→ WHAT YOU SHOULD DO
Go through the records below and report each line with "Size" in it.

→ DATA FOR ANALYSIS
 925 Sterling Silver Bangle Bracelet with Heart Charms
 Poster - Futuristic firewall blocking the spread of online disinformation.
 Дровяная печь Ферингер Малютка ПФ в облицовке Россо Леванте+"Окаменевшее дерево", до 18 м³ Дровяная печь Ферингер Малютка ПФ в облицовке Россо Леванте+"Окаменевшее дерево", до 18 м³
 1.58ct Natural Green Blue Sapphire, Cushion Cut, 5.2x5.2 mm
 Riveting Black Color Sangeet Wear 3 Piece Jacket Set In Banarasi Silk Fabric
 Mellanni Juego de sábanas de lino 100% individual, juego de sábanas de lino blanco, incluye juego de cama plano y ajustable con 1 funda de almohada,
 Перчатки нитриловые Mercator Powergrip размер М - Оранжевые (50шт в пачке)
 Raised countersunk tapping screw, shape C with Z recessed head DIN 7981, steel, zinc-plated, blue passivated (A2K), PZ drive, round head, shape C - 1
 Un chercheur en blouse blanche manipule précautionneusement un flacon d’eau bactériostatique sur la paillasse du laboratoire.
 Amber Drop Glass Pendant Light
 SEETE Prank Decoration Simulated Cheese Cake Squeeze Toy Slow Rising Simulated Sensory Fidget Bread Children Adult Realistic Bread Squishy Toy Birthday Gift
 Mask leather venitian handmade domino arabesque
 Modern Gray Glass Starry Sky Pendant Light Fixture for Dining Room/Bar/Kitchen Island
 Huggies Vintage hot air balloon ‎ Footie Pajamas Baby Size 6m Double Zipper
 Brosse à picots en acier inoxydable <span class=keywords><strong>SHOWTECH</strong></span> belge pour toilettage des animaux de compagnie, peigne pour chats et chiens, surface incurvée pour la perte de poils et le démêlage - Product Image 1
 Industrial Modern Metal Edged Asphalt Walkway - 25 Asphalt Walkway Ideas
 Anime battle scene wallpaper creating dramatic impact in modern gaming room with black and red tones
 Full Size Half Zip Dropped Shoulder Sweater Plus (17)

→ ANSWER BOX
 Huggies Vintage hot air balloon ‎ Footie Pajamas Baby Size 6m Double Zipper
 Full Size Half Zip Dropped Shoulder Sweater Plus (17)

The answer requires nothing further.